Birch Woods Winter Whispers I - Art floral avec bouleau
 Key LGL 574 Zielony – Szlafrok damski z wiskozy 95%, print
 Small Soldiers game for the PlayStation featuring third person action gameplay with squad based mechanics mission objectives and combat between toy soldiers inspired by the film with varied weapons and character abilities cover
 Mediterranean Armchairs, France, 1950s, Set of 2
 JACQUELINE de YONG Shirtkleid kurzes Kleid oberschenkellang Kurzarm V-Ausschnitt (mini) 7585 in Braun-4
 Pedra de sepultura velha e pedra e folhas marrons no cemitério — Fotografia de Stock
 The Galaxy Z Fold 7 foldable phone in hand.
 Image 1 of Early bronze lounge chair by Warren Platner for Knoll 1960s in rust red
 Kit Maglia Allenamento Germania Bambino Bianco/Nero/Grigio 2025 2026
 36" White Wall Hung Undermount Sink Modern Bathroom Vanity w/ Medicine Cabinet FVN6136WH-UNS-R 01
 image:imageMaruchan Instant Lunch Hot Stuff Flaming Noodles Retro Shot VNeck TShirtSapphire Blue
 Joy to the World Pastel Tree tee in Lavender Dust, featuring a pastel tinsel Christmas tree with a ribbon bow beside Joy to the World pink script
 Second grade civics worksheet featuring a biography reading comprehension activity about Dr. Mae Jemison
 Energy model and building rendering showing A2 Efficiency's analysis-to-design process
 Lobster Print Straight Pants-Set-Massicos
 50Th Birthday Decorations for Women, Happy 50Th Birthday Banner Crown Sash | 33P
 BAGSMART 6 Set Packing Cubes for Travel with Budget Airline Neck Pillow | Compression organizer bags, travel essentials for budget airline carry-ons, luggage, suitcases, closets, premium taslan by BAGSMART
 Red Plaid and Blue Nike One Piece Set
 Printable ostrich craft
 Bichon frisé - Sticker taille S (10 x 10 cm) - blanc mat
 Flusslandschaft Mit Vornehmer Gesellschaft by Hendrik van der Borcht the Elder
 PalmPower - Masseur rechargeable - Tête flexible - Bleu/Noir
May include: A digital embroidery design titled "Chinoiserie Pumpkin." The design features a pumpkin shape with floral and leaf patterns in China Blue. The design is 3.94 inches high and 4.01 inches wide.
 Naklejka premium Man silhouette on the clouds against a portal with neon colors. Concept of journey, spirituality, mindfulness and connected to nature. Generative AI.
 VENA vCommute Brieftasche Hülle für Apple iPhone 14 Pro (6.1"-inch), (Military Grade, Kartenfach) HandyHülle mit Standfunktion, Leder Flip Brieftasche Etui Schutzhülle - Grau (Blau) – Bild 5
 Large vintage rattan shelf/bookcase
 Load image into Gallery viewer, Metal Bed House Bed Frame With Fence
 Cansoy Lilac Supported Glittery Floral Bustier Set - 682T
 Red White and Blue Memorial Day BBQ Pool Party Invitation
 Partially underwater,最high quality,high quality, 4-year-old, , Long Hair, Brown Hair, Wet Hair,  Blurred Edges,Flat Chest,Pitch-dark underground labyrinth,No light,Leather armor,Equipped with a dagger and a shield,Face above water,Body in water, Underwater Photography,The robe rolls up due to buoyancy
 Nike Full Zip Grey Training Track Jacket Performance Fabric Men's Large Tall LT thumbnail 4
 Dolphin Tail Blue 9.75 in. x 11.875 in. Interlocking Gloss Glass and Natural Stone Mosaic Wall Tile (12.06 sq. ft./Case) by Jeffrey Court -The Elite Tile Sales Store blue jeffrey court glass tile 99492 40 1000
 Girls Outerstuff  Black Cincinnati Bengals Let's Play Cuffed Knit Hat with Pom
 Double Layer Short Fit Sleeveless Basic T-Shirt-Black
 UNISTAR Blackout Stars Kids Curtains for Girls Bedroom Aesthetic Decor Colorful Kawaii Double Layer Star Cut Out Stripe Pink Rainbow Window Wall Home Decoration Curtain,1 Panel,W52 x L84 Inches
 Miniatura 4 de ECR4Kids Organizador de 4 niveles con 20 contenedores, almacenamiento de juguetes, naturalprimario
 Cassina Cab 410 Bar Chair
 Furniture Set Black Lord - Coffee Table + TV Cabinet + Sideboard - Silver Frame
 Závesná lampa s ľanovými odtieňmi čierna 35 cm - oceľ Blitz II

* _EXERCISE DETAILS_: Exact copies of all the entries above are required.

* _SOLVED PROBLEM_:
Birch Woods Winter Whispers I - Art floral avec bouleau
 Key LGL 574 Zielony – Szlafrok damski z wiskozy 95%, print
 Small Soldiers game for the PlayStation featuring third person action gameplay with squad based mechanics mission objectives and combat between toy soldiers inspired by the film with varied weapons and character abilities cover
 Mediterranean Armchairs, France, 1950s, Set of 2
 JACQUELINE de YONG Shirtkleid kurzes Kleid oberschenkellang Kurzarm V-Ausschnitt (mini) 7585 in Braun-4
 Pedra de sepultura velha e pedra e folhas marrons no cemitério — Fotografia de Stock
 The Galaxy Z Fold 7 foldable phone in hand.
 Image 1 of Early bronze lounge chair by Warren Platner for Knoll 1960s in rust red
 Kit Maglia Allenamento Germania Bambino Bianco/Nero/Grigio 2025 2026
 36" White Wall Hung Undermount Sink Modern Bathroom Vanity w/ Medicine Cabinet FVN6136WH-UNS-R 01
 image:imageMaruchan Instant Lunch Hot Stuff Flaming Noodles Retro Shot VNeck TShirtSapphire Blue
 Joy to the World Pastel Tree tee in Lavender Dust, featuring a pastel tinsel Christmas tree with a ribbon bow beside Joy to the World pink script
 Second grade civics worksheet featuring a biography reading comprehension activity about Dr. Mae Jemison
 Energy model and building rendering showing A2 Efficiency's analysis-to-design process
 Lobster Print Straight Pants-Set-Massicos
 50Th Birthday Decorations for Women, Happy 50Th Birthday Banner Crown Sash | 33P
 BAGSMART 6 Set Packing Cubes for Travel with Budget Airline Neck Pillow | Compression organizer bags, travel essentials for budget airline carry-ons, luggage, suitcases, closets, premium taslan by BAGSMART
 Red Plaid and Blue Nike One Piece Set
 Printable ostrich craft
 Bichon frisé - Sticker taille S (10 x 10 cm) - blanc mat
 Flusslandschaft Mit Vornehmer Gesellschaft by Hendrik van der Borcht the Elder
 PalmPower - Masseur rechargeable - Tête flexible - Bleu/Noir
May include: A digital embroidery design titled "Chinoiserie Pumpkin." The design features a pumpkin shape with floral and leaf patterns in China Blue. The design is 3.94 inches high and 4.01 inches wide.
 Naklejka premium Man silhouette on the clouds against a portal with neon colors. Concept of journey, spirituality, mindfulness and connected to nature. Generative AI.
 VENA vCommute Brieftasche Hülle für Apple iPhone 14 Pro (6.1"-inch), (Military Grade, Kartenfach) HandyHülle mit Standfunktion, Leder Flip Brieftasche Etui Schutzhülle - Grau (Blau) – Bild 5
 Large vintage rattan shelf/bookcase
 Load image into Gallery viewer, Metal Bed House Bed Frame With Fence
 Cansoy Lilac Supported Glittery Floral Bustier Set - 682T
 Red White and Blue Memorial Day BBQ Pool Party Invitation
 Partially underwater,最high quality,high quality, 4-year-old, , Long Hair, Brown Hair, Wet Hair,  Blurred Edges,Flat Chest,Pitch-dark underground labyrinth,No light,Leather armor,Equipped with a dagger and a shield,Face above water,Body in water, Underwater Photography,The robe rolls up due to buoyancy
 Nike Full Zip Grey Training Track Jacket Performance Fabric Men's Large Tall LT thumbnail 4
 Dolphin Tail Blue 9.75 in. x 11.875 in. Interlocking Gloss Glass and Natural Stone Mosaic Wall Tile (12.06 sq. ft./Case) by Jeffrey Court -The Elite Tile Sales Store blue jeffrey court glass tile 99492 40 1000
 Girls Outerstuff  Black Cincinnati Bengals Let's Play Cuffed Knit Hat with Pom
 Double Layer Short Fit Sleeveless Basic T-Shirt-Black
 UNISTAR Blackout Stars Kids Curtains for Girls Bedroom Aesthetic Decor Colorful Kawaii Double Layer Star Cut Out Stripe Pink Rainbow Window Wall Home Decoration Curtain,1 Panel,W52 x L84 Inches
 Miniatura 4 de ECR4Kids Organizador de 4 niveles con 20 contenedores, almacenamiento de juguetes, naturalprimario
 Cassina Cab 410 Bar Chair
 Furniture Set Black Lord - Coffee Table + TV Cabinet + Sideboard - Silver Frame
 Závesná lampa s ľanovými odtieňmi čierna 35 cm - oceľ Blitz II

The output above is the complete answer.